> Your task:
Leave out the pictures and repeat exactly the lines from the one containing "Australia’s Rob Valetini, left, runs" through the final line of the listing below.
┄┄┄┄┄┄┄┄┄┄┄┄┄┄┄┄┄┄┄┄
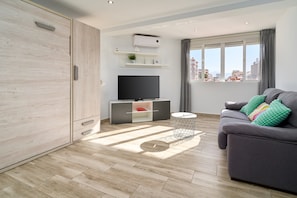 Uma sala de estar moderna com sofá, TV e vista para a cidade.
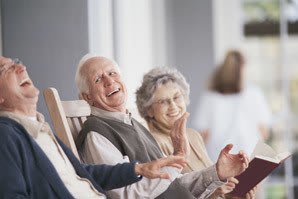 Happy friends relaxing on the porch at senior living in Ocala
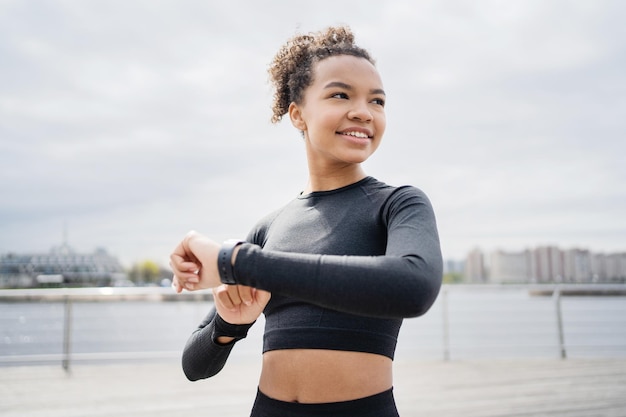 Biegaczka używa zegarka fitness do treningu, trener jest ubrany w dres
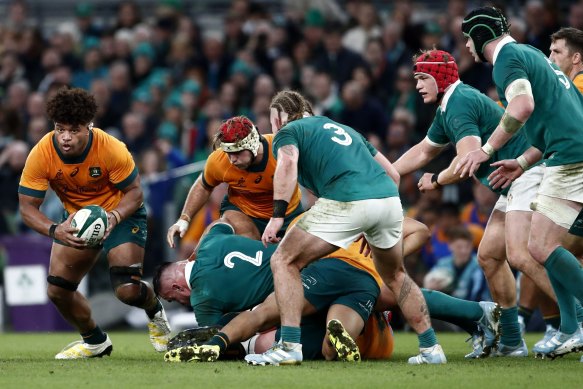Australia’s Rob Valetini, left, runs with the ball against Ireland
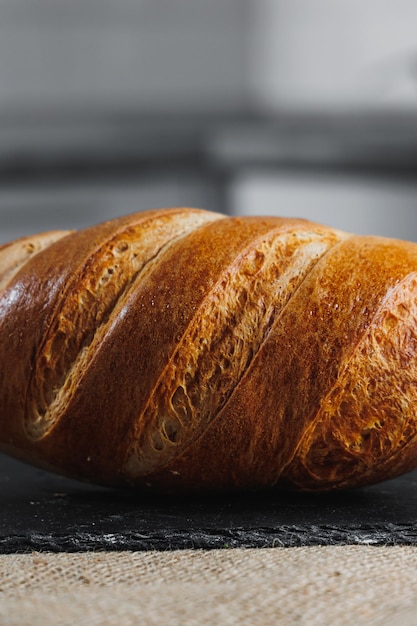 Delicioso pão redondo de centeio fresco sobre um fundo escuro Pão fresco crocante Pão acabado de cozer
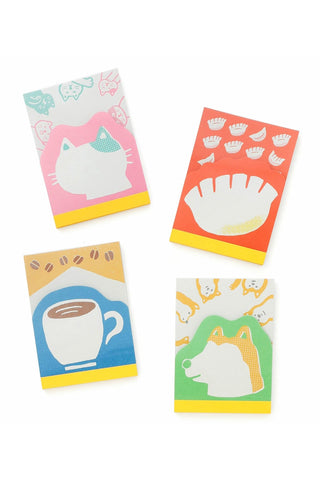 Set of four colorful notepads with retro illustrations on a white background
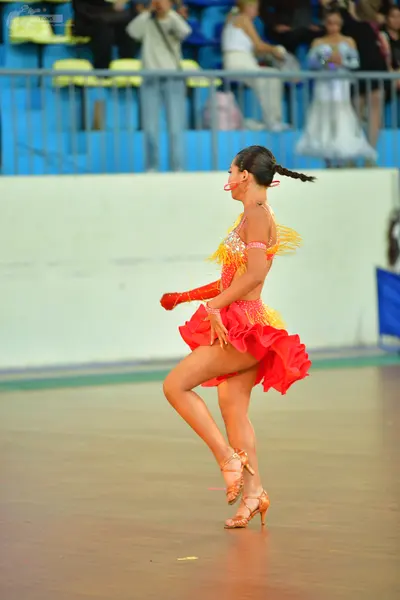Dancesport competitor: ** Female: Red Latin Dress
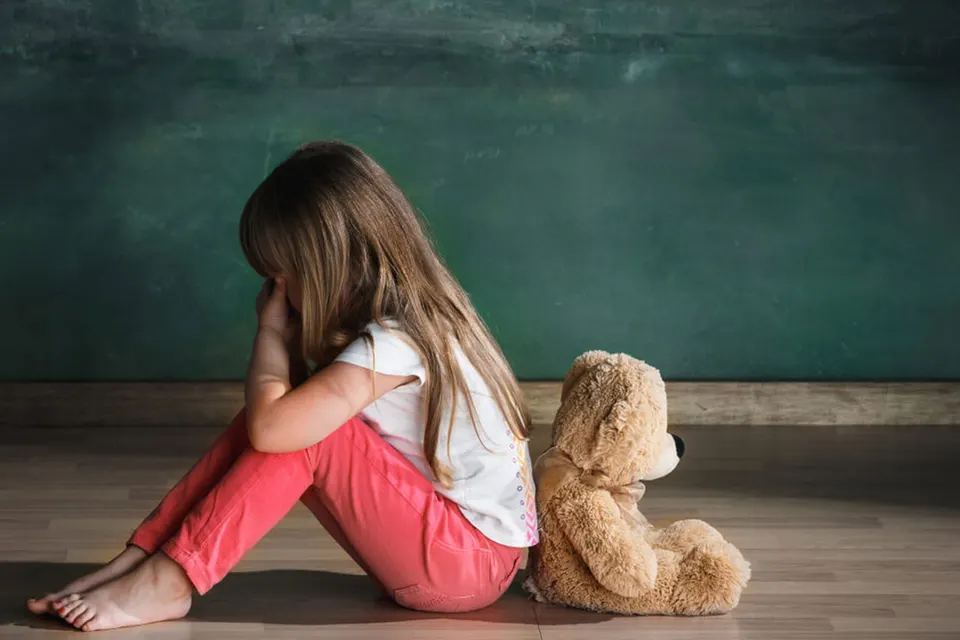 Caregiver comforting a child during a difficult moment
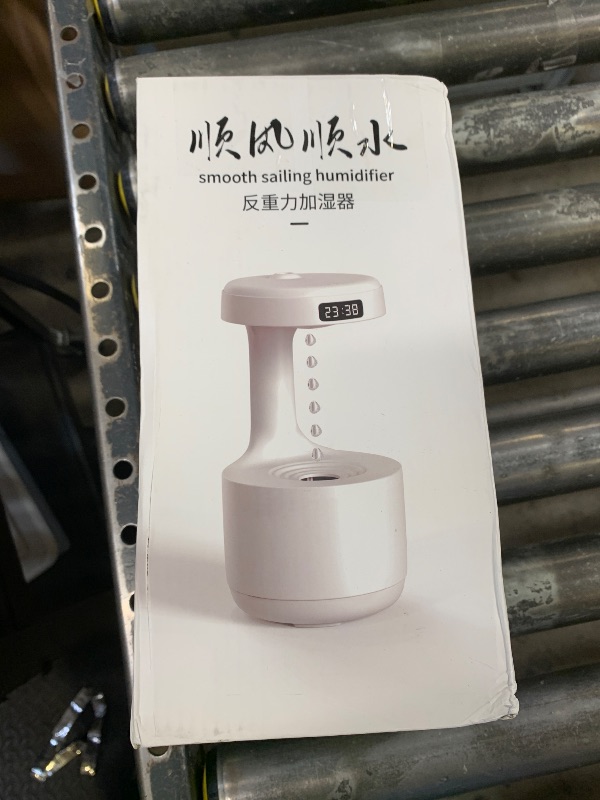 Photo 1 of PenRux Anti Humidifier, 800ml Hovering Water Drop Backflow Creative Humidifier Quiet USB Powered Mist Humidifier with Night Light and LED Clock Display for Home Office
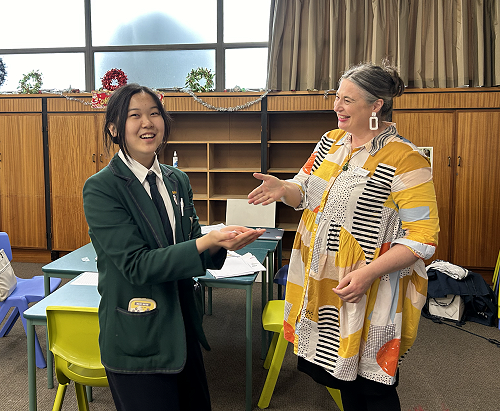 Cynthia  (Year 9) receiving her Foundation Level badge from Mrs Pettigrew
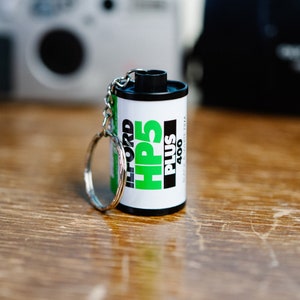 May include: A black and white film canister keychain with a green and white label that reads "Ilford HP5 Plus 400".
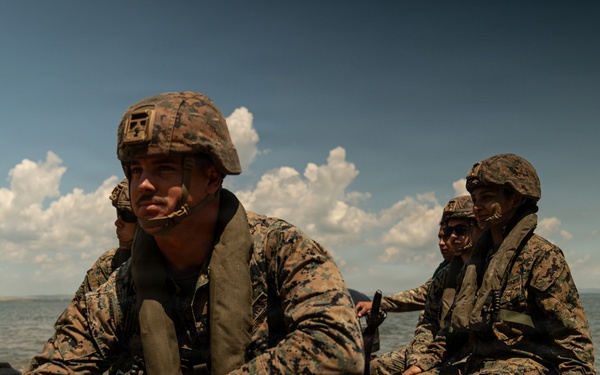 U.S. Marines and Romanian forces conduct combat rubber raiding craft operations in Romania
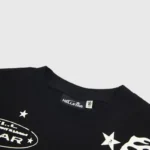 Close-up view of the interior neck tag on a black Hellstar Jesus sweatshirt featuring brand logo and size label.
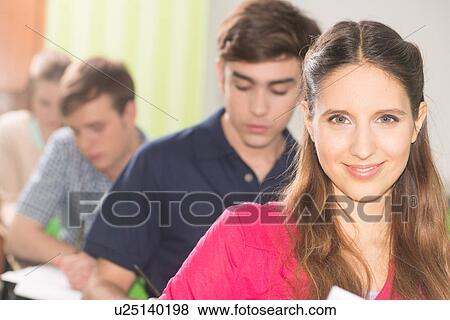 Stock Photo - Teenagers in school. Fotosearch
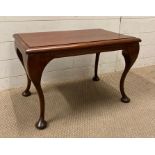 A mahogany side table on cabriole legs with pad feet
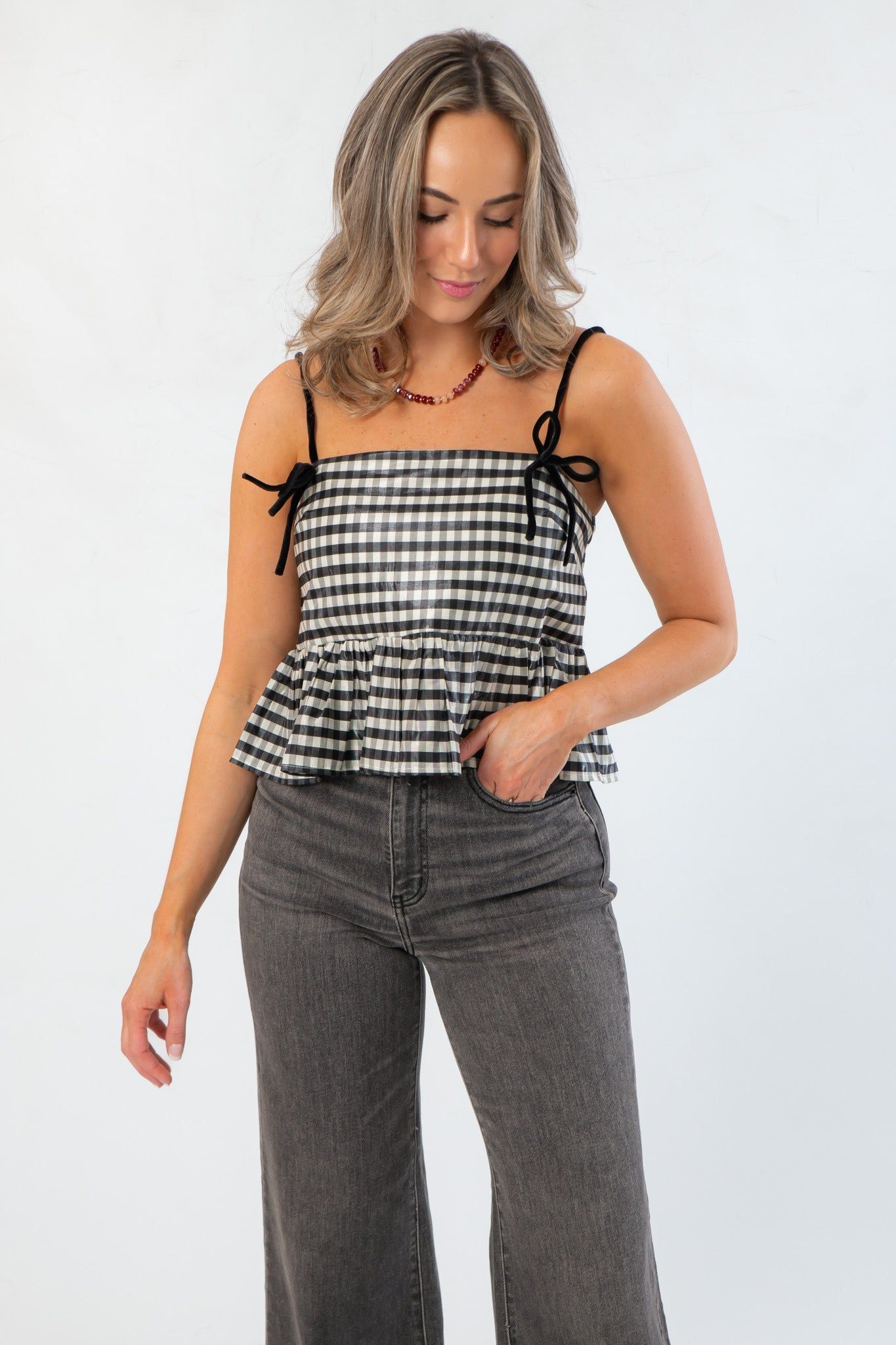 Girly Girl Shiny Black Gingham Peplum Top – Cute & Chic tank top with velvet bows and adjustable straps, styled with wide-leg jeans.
┄┄┄┄┄┄┄┄┄┄┄┄┄┄┄┄┄┄┄┄
> Response to the task:
Australia’s Rob Valetini, left, runs with the ball against Ireland
 Delicioso pão redondo de centeio fresco sobre um fundo escuro Pão fresco crocante Pão acabado de cozer
 Set of four colorful notepads with retro illustrations on a white background
Dancesport competitor: ** Female: Red Latin Dress
 Caregiver comforting a child during a difficult moment
 Photo 1 of PenRux Anti Humidifier, 800ml Hovering Water Drop Backflow Creative Humidifier Quiet USB Powered Mist Humidifier with Night Light and LED Clock Display for Home Office
 Cynthia  (Year 9) receiving her Foundation Level badge from Mrs Pettigrew
 May include: A black and white film canister keychain with a green and white label that reads "Ilford HP5 Plus 400".
 U.S. Marines and Romanian forces conduct combat rubber raiding craft operations in Romania
 Close-up view of the interior neck tag on a black Hellstar Jesus sweatshirt featuring brand logo and size label.
 Stock Photo - Teenagers in school. Fotosearch
 A mahogany side table on cabriole legs with pad feet
 Girly Girl Shiny Black Gingham Peplum Top – Cute & Chic tank top with velvet bows and adjustable straps, styled with wide-leg jeans.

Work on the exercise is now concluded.